##### Exercise materials #####

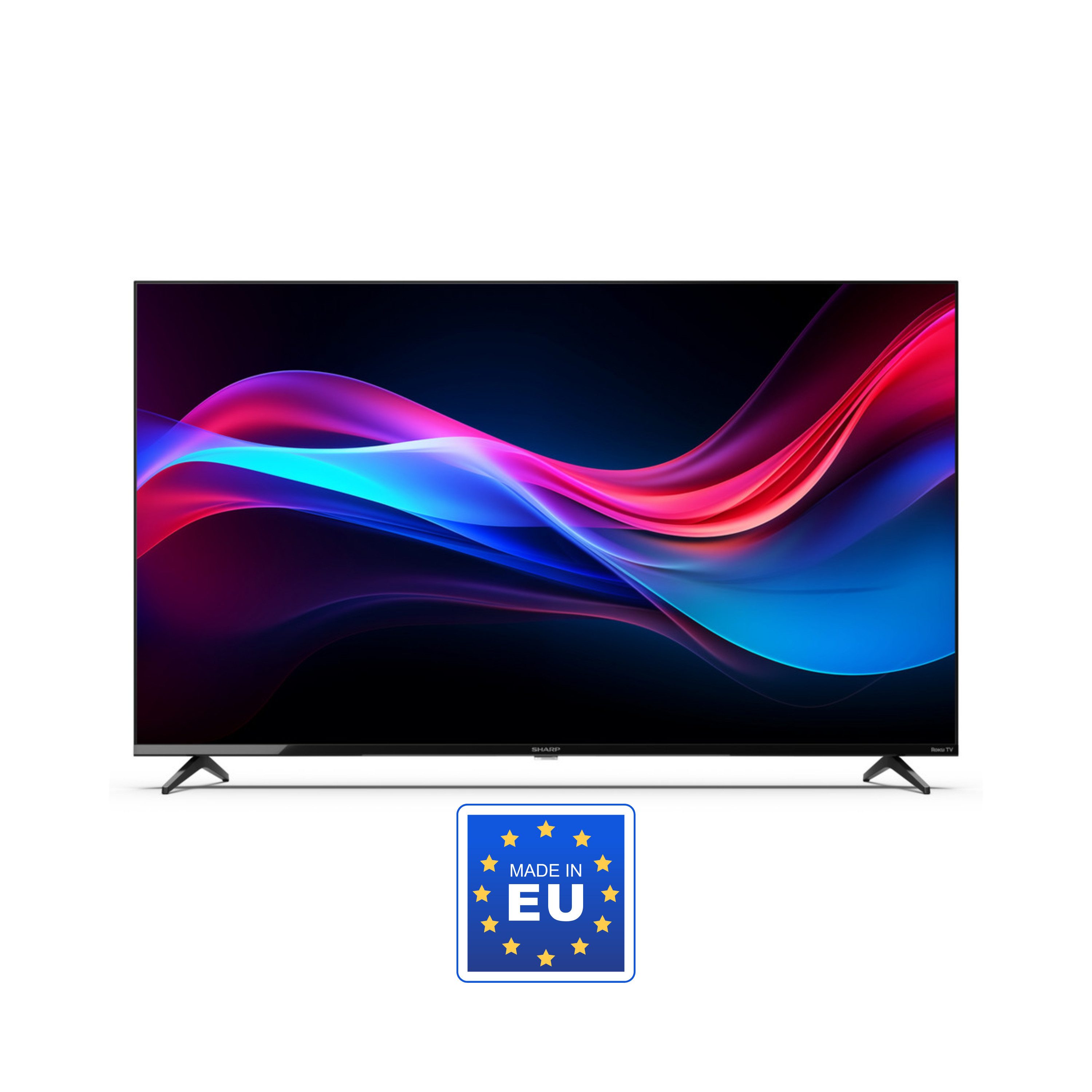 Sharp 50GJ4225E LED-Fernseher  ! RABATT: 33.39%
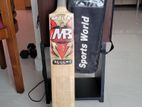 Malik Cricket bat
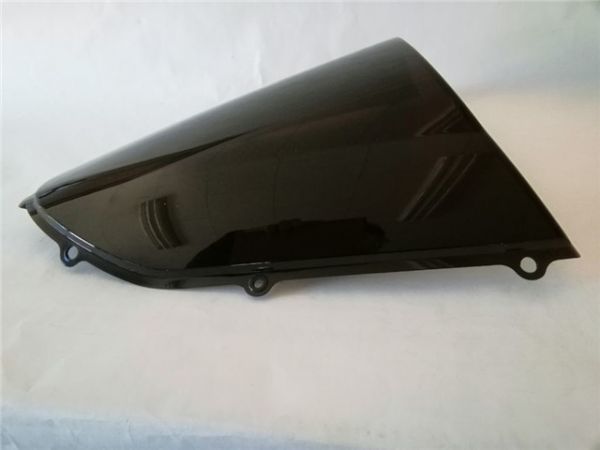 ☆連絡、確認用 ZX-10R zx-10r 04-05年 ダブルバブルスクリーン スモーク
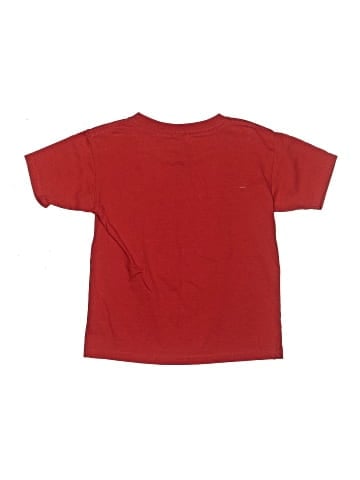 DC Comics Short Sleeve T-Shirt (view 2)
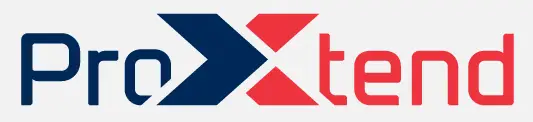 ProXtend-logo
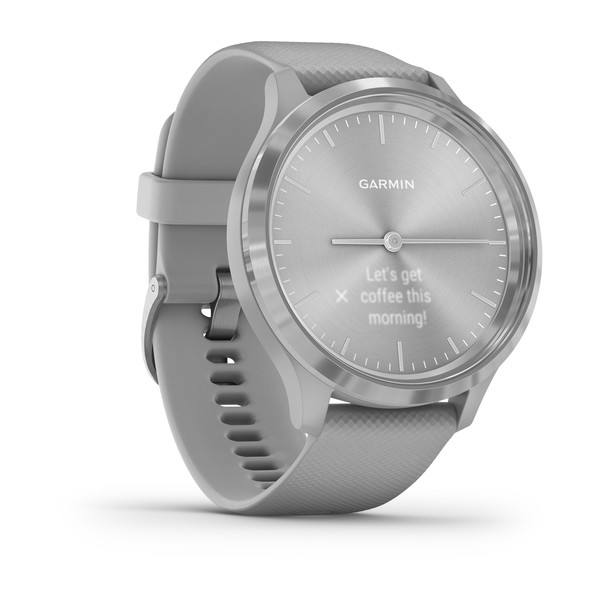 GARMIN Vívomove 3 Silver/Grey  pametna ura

#####

**What is expected:** What must be output is the exact run of lines from the one holding "ProXtend-logo" through the end of the entries above, both ends included, minus the pictures.

**Answer space:**
 ProXtend-logo
 GARMIN Vívomove 3 Silver/Grey  pametna ura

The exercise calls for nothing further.